Pero por encima de estas razones -ya de peso-, que explican su predicamento actual, los aliados de Estados Unidos en su aventura centroamericana han comenzado a sufrir las vicisitudes de la amistad norteameriana, al igual que decenas de sus antecesores. Por una parte, dependen enteramente del financiamiento estadounidense; por la otra, éste se vuelve cada vez más incierto. De tal suerte que la contra, muy rápidamente, se va a encontrar en un callejón sin salida.
O bien pierde su sostén financiero, debido a consideraciones de política interna de Estados Unidos, y por no haber demostrado en el campo de batalla que ese sostén es una inversión rentable a corto plazo, o bien intenta alguna acción militar espectacular de alto riesgo, y cuyo éxito tampoco garantizará la reanudación del financiamiento. De cualquier manera, la contra pierde: las condiciones militares de su hipotético crecimiento han entrado en contradicción con las condiciones políticas de la obtención de recursos adicionales.
Movimiento de masas
Como elemento complementario en el cambio de la correlación de fuerzas conviene, sin duda, señalar que la aparente y nunca demostrada ventaja de las fuerzas gubernamentales que imperan en El Salvador desde hace un par de años parece haber llegado a su término. Existe ya un modesto, pero significativo, resurgimiento de las acciones militares de la guerrilla del Frente Farabundo Martí, que ha vuelto a concentrar fuerzas en pequeña escala capaces de infligir severas bajas al Ejército. Al mismo tiempo, las pugnas intestinas entre la derecha salvadoreña y el presidente José Napoleón Duarte, se agudizan: ya no es sólo el programa económico que separa a la vieja oligarquía del centrismo de Duarte, sino todo el proyecto de conducción de la guerra.
Por último, es preciso resaltar el hecho político quizá de mayor trascendencia en la historia reciente de ese país: la reaparición de lo que llegó a ser a finales de los años setenta el movimiento de masas más importante de América Latina y que había desaparecido de las calles y fábricas de San Salvador desde mediados de 1980. La Unión Nacional de Trabajadores Salvadoreños (UNTS), en la cual la izquierda revolucionaria desempeña un papel relevante, le ha dado a la contienda en El Salvador un nuevo cariz político, restándole así peso al ámbito militar para beneficio de todos.

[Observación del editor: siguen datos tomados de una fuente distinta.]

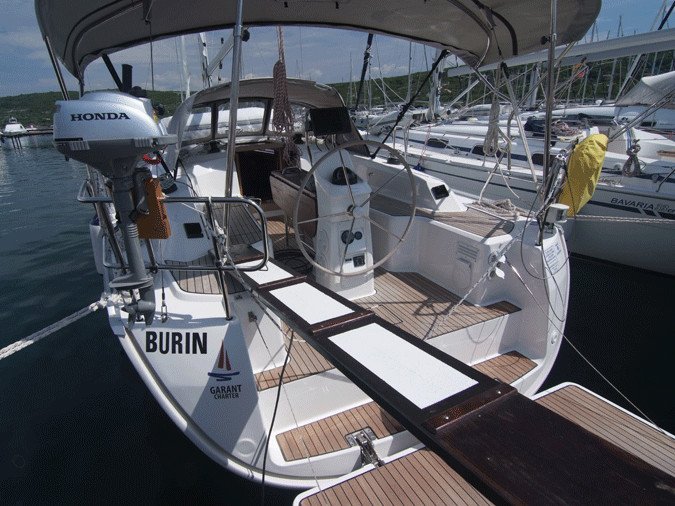 yacht-Bavaria Cruiser 33-image-6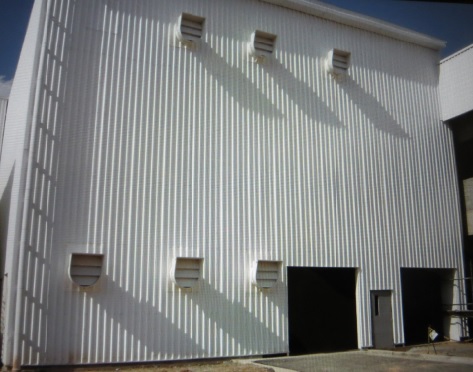 Sistema de exaustão industrial lateral Veprel para remoção de calor e impurezas em ambientes industriais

La guerra de Centroamérica no ha terminado. Pero si las condiciones de su resolución siempre han consistido en romper el atolladero político y militar mediante el principio del triunfo de uno de los dos bandos, no es imposible que ello haya empezado a suceder.
Para América Latina, el movimiento es decisivo. La revolución sandinista hace tiempo que dejó de ser modelo o ejemplo para el continente, si es que alguna vez lo fue. Los errores y las concepciones de sus dirigentes y la guerra misma han aminorado su pertinencia y aun su atractivo sentimental para muchos de los paises del hemisferio. Pero ello no obsta para que, gracias a Ronald Reagan, en Nicaragua se jueguen asuntos que rebasan las dimensiones del propio país centroamericano y de su revolución. Más que principios jurídicos abstractos, o quimefas geoolíticas, se juega el camino del cambio en América Latina.